Healthy Recipes

Chicken and Couscous - Main Course

Chicken and Couscous

A great way to use leftover chicken, this dinner salad uses quick-to-cook couscous and lots of brightly flavored herbs.

Serves: 4
Prep Time: 20 min
Category: Main Course

Ingredients

  • Salad:
  • 1 1/4  cups  fat-free, less-sodium chicken broth
  • 1  (5.7-ounce) box uncooked couscous
  • 1 1/2  cups  cubed cooked chicken (about 6 ounces)
  • 1/2  cup  thinly sliced green onions
  • 1/2  cup  diced radishes (about 3 large)
  • 1/2  cup  chopped seeded peeled cucumber
  • 1/4  cup  chopped fresh flat-leaf parsley
  • 2  tablespoons  pine nuts, toasted

  • Dressing:
  • 1/4  cup  white wine vinegar
  • 1 1/2  tablespoons  extravirgin olive oil
  • 1  teaspoon  ground cumin
  • 1/2  teaspoon  salt
  • 1/8  teaspoon  freshly ground black pepper
  • 1  garlic clove, minced

Directions

To prepare salad, bring broth to a boil in a medium saucepan; gradually stir in couscous. Remove from heat; cover and let stand 5 minutes. Fluff with a fork. Spoon couscous into a large bowl; cool slightly. Add chicken, onions, radishes, cucumber, parsley, and pine nuts; toss gently to combine.

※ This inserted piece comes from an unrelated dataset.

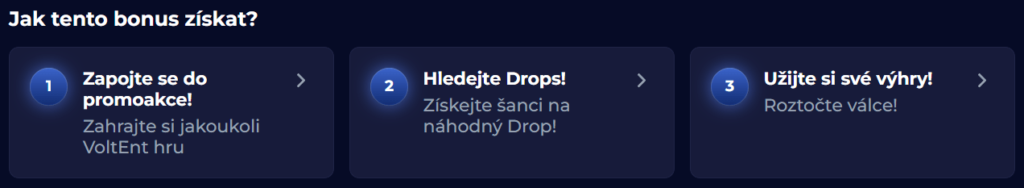 VoltEnt Drops ako na to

To prepare dressing, combine vinegar and remaining ingredients, stirring with a whisk. Drizzle dressing over salad; toss to combine.

Note: You can toast nuts quickly in a dry skillet over medium-high heat. Stir frequently, and as soon as they become fragrant, remove the nuts from the pan.